Ce management « désincarné » est à la fois – c’est la thèse de l’ouvrage – néfaste et contre-productif. La quantification de l’activité pousse les salariés à « faire du chiffre » au détriment de la qualité du travail : la performance « vue d’en haut » – pour l’employé d’un service social, par exemple, le nombre de cas traités en une journée – est souvent en contradiction avec la qualité « vue d’en bas » – l’attention portée à chaque cas. Un autre effet délétère est de créer entre les salariés une compétition implicite qui sape la confiance mutuelle, surtout quand les perspectives d’emploi sont incertaines. Enfin, les dispositifs standardisés fonctionnent comme des « machines », ils ignorent la diversité des tempéraments, des capacités, des attentes des salariés, et s’adressent à un « Homo dispositivus » qui n’existe que dans la tête de leurs concepteurs. Or ce mode de gestion tend à se répandre : « La multiplication des dispositifs, écrit l’auteur, est un fait social majeur », et les « planneurs » – c’est ainsi qu’il désigne ces détenteurs de l’autorité à distance – occupent une place de plus en plus importante et prestigieuse dans l’échelle sociale.

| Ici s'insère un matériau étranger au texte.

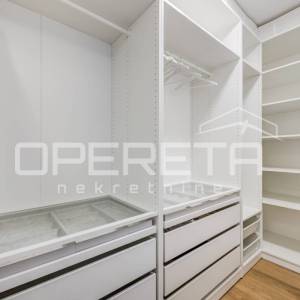 Novoizgrađena moderna vila s garažom i bazenom, Kaštel Novi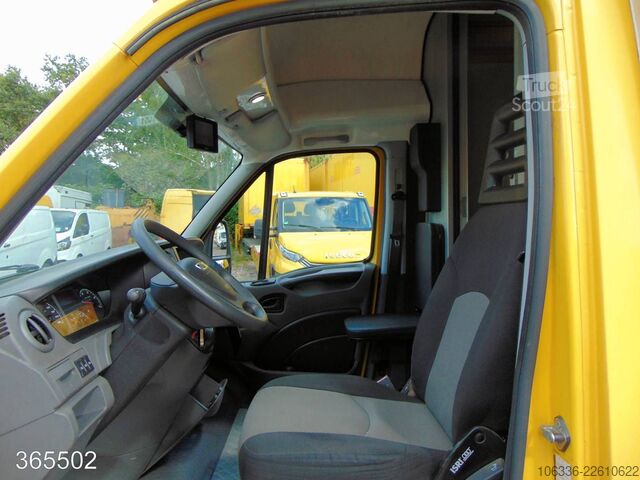 Transporter mit Koffer IVECO DAILY 50 C 15 Postkoffer REGALSYSTEM KAMERA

« Pratiquants non croyants »

Bref, ces « planneurs » en prennent, si l’on ose dire, pour leur grade. Mais eux-mêmes ne sont pas dupes : ce sont, écrit notre sociologue, des « pratiquants non croyants ». Des centaines d’entretiens individuels menés durant l’enquête se dégage l’image de cadres désabusés, quelque peu cyniques, en proie au stress, et qui tiennent sur leur rôle un discours ambivalent : leur tâche est difficile, voire « impossible », ils ont souvent le sentiment de « travailler en vase clos », ils sont parfois en butte à l’hostilité des managers de terrain dont ils amputent la capacité de décision – et ils ne sont jamais sûrs de l’utilité des dispositifs qu’ils mettent en place.

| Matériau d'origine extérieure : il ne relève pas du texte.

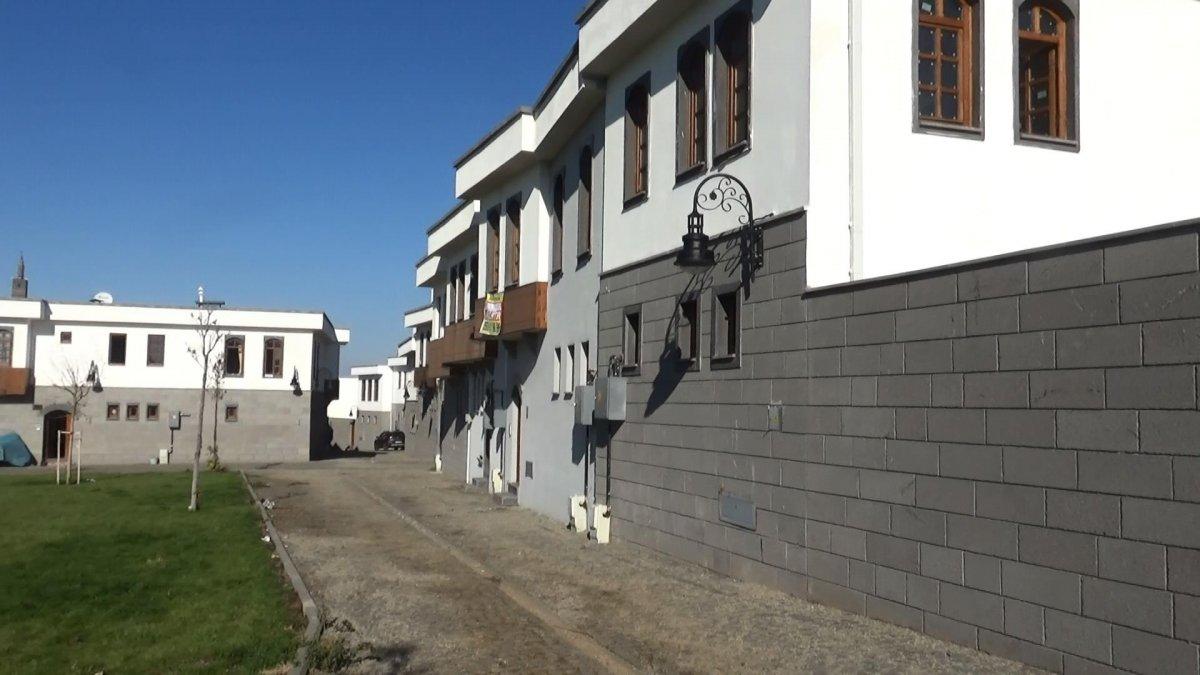 PKK yıktı, devlet yaptı: Sur ilçesindeki binalar yenilendi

Ce tableau général très critique, renforcé de nombreux exemples, est fort intéressant, malgré le caractère un peu répétitif de la démonstration. Mais nombre de lecteurs ayant l’expérience de la vie en grande entreprise en trouveront les couleurs exagérément assombries. L’auteur ne cache pas ses préférences idéologiques et sa méfiance à l’égard du « capitalisme néolibéral salarial », et on a souvent l’impression que les exemples et les extraits d’entretiens sont choisis pour étayer une conviction forgée à l’avance. Dans quelques rares passages, d’ailleurs, l’ouvrage reconnaît quelques vertus au « management désincarné » : les procédures standardisées, souvent élaborées à partir de savoir-faire éprouvés, peuvent effectivement être source d’améliorations. Elles évitent l’arbitraire des « petits chefs », assurent une régulation de l’activité et une remontée de l’information indispensable aux dirigeants. Et puis, comme le résume un patron, « on ne peut pas gérer tout cela à la main ».

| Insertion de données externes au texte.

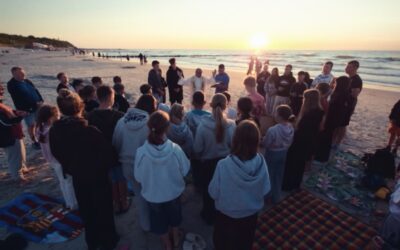 Kajaki, zachód słońca i Eucharystia na plaży. „Wakacje z Bogiem” w Niechorzu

Il n’empêche que cette lecture est à recommander à tous les responsables d’entreprise, qu’ils soient du côté du « terrain » ou du « pilotage à distance ». La nouvelle bureaucratisation que dénonce l’ouvrage, la tendance à la standardisation et à la codification, chacun – salarié, client ou usager des services publics – a pu en constater les excès. L’auteur en évoque une explication possible : les dirigeants des grandes entreprises ou des administrations, soumis à la pression des actionnaires ou de l’Etat, suscitent la création de systèmes de normes, de contrôle et de mesure qui sont parfois moins destinés à produire des améliorations réelles qu’à afficher des « résultats » immanquablement positifs. C’est l’utilité inavouable, en somme, du « management désincarné ».